Let's get this back on the top .this is one you don't want to miss!


----------



## The mtn man (Jul 28, 2013)

Adams Family said:


> Let's get this back on the top .this is one you don't want to miss!



Bump


----------



## frdstang90 (Jul 29, 2013)

Ttt


----------



## ddd-shooter (Jul 29, 2013)

northgeorgiasportsman said:


> Did I forget to mention we are doing the milk jug shoot again this year?

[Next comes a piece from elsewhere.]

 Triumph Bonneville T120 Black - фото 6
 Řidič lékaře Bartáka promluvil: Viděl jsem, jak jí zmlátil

What exactly is the milk jug shoot?


----------



## northgeorgiasportsman (Jul 29, 2013)

ddd-shooter said:


> What exactly is the milk jug shoot?



Head to head competition between two shooters shooting at milk jugs full of water. Jugs are balanced on a pulley system. As water drains, jug gets lighter and rises to the top. First jug to hit the ground loses.  Key is to put more holes in your jug than the other guy.  Very fun, both for competitors and spectators.


----------



## northgeorgiasportsman (Jul 30, 2013)

Got lots of raffles and lots of giveaways this year.  

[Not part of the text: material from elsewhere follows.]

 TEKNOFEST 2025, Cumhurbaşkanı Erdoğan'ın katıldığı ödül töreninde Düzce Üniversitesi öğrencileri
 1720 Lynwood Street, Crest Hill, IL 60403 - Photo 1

Don't forget, someone is going home $1000 richer!


----------



## ddd-shooter (Jul 30, 2013)

northgeorgiasportsman said:


> Head to head competition between two shooters shooting at milk jugs full of water. Jugs are balanced on a pulley system. As water drains, jug gets lighter and rises to the top. First jug to hit the ground loses.  Key is to put more holes in your jug than the other guy.  Very fun, both for competitors and spectators.



sounds interesting...


----------



## shoot101bow (Jul 30, 2013)

Heard there was a guy from waynesville coming that is the milk jug champion of the world!!!!!


----------



## northgeorgiasportsman (Jul 30, 2013)

shoot101bow said:


> Heard there was a guy from waynesville coming that is the milk jug champion of the world!!!!!

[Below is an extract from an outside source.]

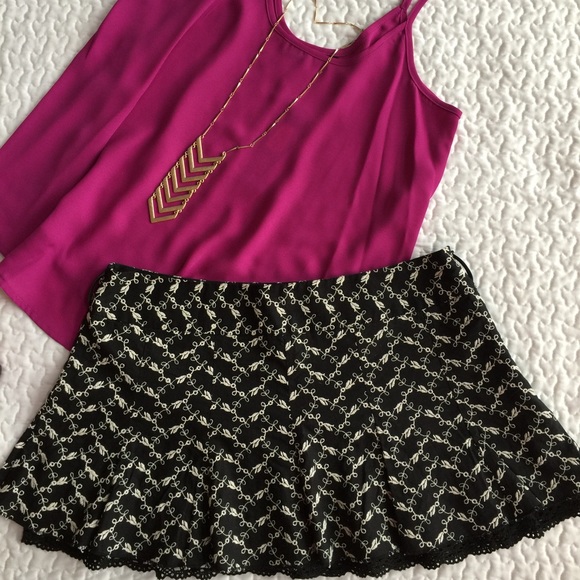 Forever 21 eyelet Mini skirt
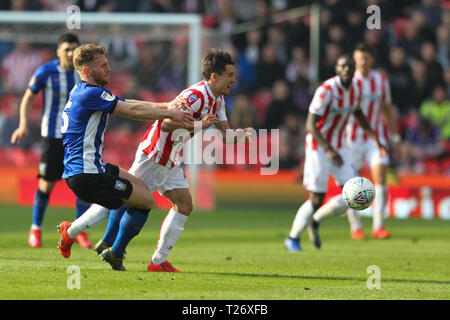 Stoke on Trent, Royaume-Uni. 30 mars 2019. Bojan avant Stoke City (27) Bekim Syla est engagé au cours de l'EFL Sky Bet Championship match entre Stoke City et Sheffield Wednesday à bet365, le stade de Stoke-on-Trent, Angleterre le 30 mars 2019. Photo par Jurek Biegus. Credit : UK Sports Photos Ltd/Alamy Live News Banque D'Images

Lots of folks will be gunning for him.


----------



## Bowtech9957 (Jul 31, 2013)

Getting close


----------



## northgeorgiasportsman (Jul 31, 2013)

Range is pretty much set.  Gonna have a 5 target ASA-style shoot-off  between range winners this year.


----------



## frdstang90 (Aug 1, 2013)

ttt


----------



## clayboy (Aug 1, 2013)

Always a great shoot, and with some great folks, looking forward to it!


----------



## northgeorgiasportsman (Aug 2, 2013)

It's Tomorrow!


----------



## frdstang90 (Aug 2, 2013)

northgeorgiasportsman said:
			
		

> It's Tomorrow!



And I cant wait.


_Posted from  Gon.com App for  Android_


----------



## Buck Roar (Aug 2, 2013)

frdstang90 said:


> and i cant wait.
> 
> 
> _posted from  gon.com app for  android_



x 2


----------



## Adams Family (Aug 3, 2013)

*Great shoot*

Just wanted to let everyone that missed this shoot I would miss it next year . No disappoint this year just another great shoot . It just has been getting better and better each year .And a special thanks to everyone involved ,I promise you that all the hard work has not been over looked . Mt hat is off and prayers to all involved thanks again . John


----------



## The mtn man (Aug 3, 2013)

Adams Family said:


> Just wanted to let everyone that missed this shoot I would miss it next year . No disappoint this year just another great shoot . It just has been getting better and better each year .And a special thanks to everyone involved ,I promise you that all the hard work has not been over looked . Mt hat is off and prayers to all involved thanks again . John



Yep the boys outdone themselves this year, the singing afterwards was great.


----------



## Bowtech9957 (Aug 3, 2013)

Great shoot, thanks for all the hard work and great food


----------



## critterslayer (Aug 3, 2013)

This was my first year at this shoot. It was awesome!! Awesome food, and great target set-ups! Thanks to all who helped!!! I will post a few pictures we snapped later!


----------



## Buck Roar (Aug 4, 2013)

great shoot again. Was shooting with critterslayer on youth course.


----------



## clayboy (Aug 4, 2013)

Thanks for a great shoot, fun, food and fellowship. A lot of hard work and planning goes into an event like this and I as well as others look forward to it each year.


----------